Universal parameters $C_1,C_2$ (upper panel), and $\Phi$ (lower panel) as functions of $x$. In (a1) and (b1), $x<0$; in (a2) and (b2), $x>1$.

Figure 3

$a_{\mathrm{ad}}$ in the unitary limit of $a_{\mathrm{bf}}$. The length unit here is $a_{\mathrm{ff}}$. (a) $a_{\mathrm{ad}}$ as changing $a_{\mathrm{bf}}$ to $+\infty$ (black square) or $-\infty$ (red circle) for fixed ${\kappa }^{*}{a}_{\mathrm{ff}}=100$. The dashed horizontal line denotes the universal value $a_{\mathrm{ad}}/a_{\mathrm{ff}}=-0.513$ at unitarity $\left(|a_{\mathrm{bf}}|=\infty \right)$. (b) $a_{\mathrm{ad}}$ as a function of ${\kappa }^{*}$ at $|a_{\mathrm{bf}}|=\infty$. The green curve is the fit to Eq. (8).

Figure 4

Resonance of $a_{\mathrm{ad}}$ by tuning $x$. (a) $a_{\mathrm{ad}}/a_{\mathrm{bf}}$ as functions of $x$ for fixed ${\kappa }^{*}{a}_{\mathrm{bf}}=100$. The resonance position is $x=2.7$. (b) Resonance width $W$ for positive (black line) and negative (red line) resonance position $x$.

Figure 5

Many-body phase diagram of atom-dimer system for negative(a) and positive(b) $a_{\mathrm{bf}}$ and with a fixed ${\kappa }^{*}\left|a_{\mathrm{bf}}\right|=100$. Three phases are shown: homogenous mixture (MIX), phase separation (PS), and collapse phase (CL).
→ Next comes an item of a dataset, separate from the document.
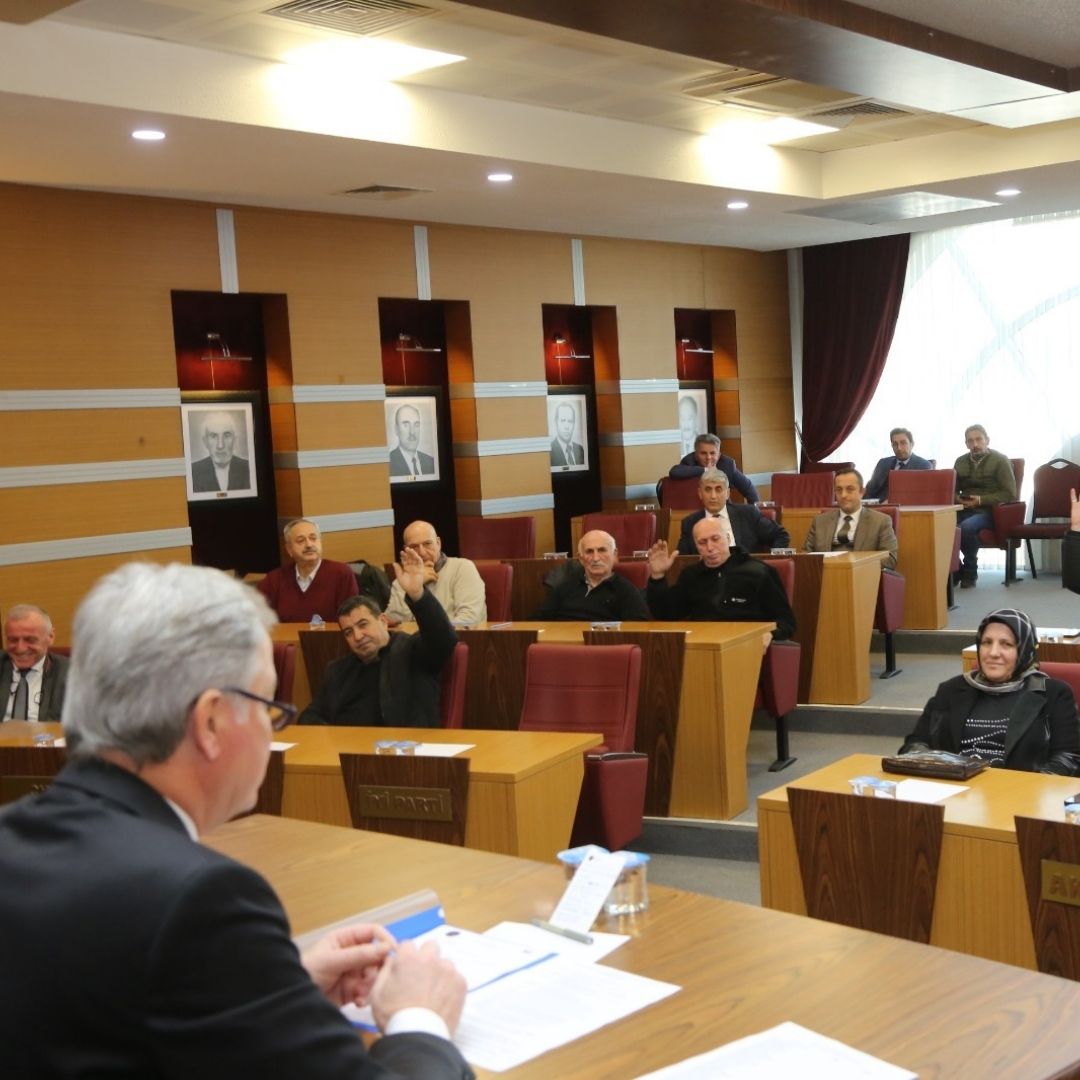 Serdivan Belediye Meclisi Olağanüstü Toplandı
Black solid lines denote the phase boundaries between MIX and PS/CL. Gray vertical lines mark the atom-dimer resonances at $x=-1.21\left(a\right),2.7\left(b\right)$, which also serve as PS-CL phase boundaries. Red dashed lines shows phase boundaries based on the mean-field prediction of $a_{\mathrm{ad}}$; above the boundary is MIX phase and below is CL (a) or PS (b) phase.